Qui peut penser que la répétition massive du message sanitaire depuis plus de vingt ans a servi la cause en question ?
Si c’était vrai, on le saurait. Or, un sondage réalisé dix ans plus tard en France et au Royaume-Uni conclut que huit personnes sur dix ne respectent pas le conseil. Quant aux 2 % qui le suivent, « ils trouvent là un bon moyen de se déculpabiliser en mangeant plus gras et sucré qu’avant ».
Idem pour le tabac.
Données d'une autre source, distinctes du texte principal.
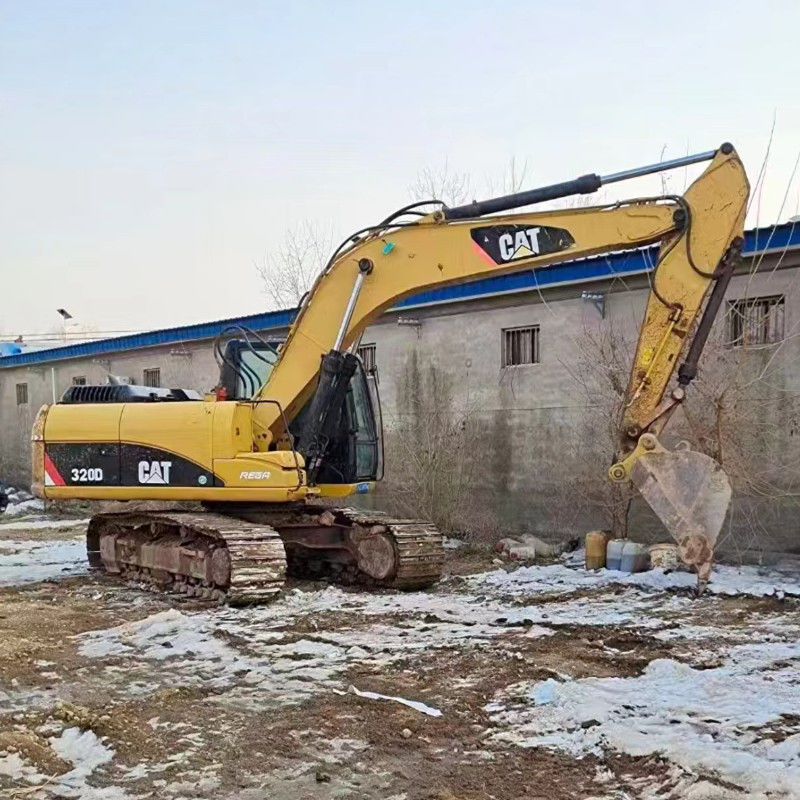 Excavateur Cat 320D2 d'occasion avec réservoir de carburant de 410 litres et 20 tonnes de tonnage en bon état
Quels sont les accros de la clope encore sensibles au « fumer tue » imprimé en noir et en gros sur tous les paquets de cigarettes exhibés derrière les comptoirs des bureaux de tabac ?
Quant à la SNCF, la somme des injonctions qu’elle délivre à bord d’un TGV donne le tournis.
Non seulement les annonces sonores récurrentes invitant poliment les voyageurs à respecter les consignes de sécurité sont légion, mais les vitres des trains sont désormais tapissées de slogans du genre « découvrez le paysage » ou « laissez-vous rêver ».
Idem pour l’environnement : « penser au tri » ; « n’oubliez pas de recycler vos piles », etc., sont répétés comme des mantras. Rien de bien méchant, ni de comminatoire, mais un principe répétitif qui fatigue, génère de l’anxiété et surtout interroge sur ses finalités, eu égard au coût des campagnes publicitaires.
Espace public pollué
Quelle est désormais la frontière entre l’information et l’infantilisation, quand, dans le même temps, l’État exige de ses administrés d’être, à juste titre, toujours plus responsable de leurs faits et gestes ?
Quand l’école et les parents sont censés avoir préparé les jeunes esprits à savoir faire œuvre d’un minimum de civisme ?
Étant donné l’état de résignation générale qui traverse le pays depuis le début de la pandémie, il n’est pas déplacé de s’enquérir des raisons pour lesquelles on en arrive à polluer l’espace public d’une telle masse d’information écrite, sonore et visuelle.
Les Français seraient-ils si indomptables qu’il faille sans cesse trouver des astuces malicieuses pour les rappeler à l’ordre ?
L’académicien François Sureau met indirectement les pieds dans le plat dans son ouvrage Sans la liberté paru chez Gallimard en 2019 (collection Tracts). L’écrivain y rappelle :
« que personne d’autre que le citoyen libre n’a qualité pour juger de l’emploi qu’il fait de sa liberté, sauf à voir celle-ci disparaître » .
Mais le diable se nichant dans les détails, personne n’a encore pris le temps d’aller chercher, dans ces exemples de slogans infantilisants évoqués plus haut ce qui, du coup, fait de nous des citoyens de seconde zone.
Oui, l’infantilisation pacifique, ludique mais systématique des esprits est une tare. À terme, elle joue contre l’exigence de penser, de réfléchir et de prendre ses responsabilités ; elle met malheureusement les malveillants minoritaires comme les bienveillants majoritaires à égalité devant le sens commun, sans distinction aucune.
Jean-Michel Djian : Journaliste et écrivain.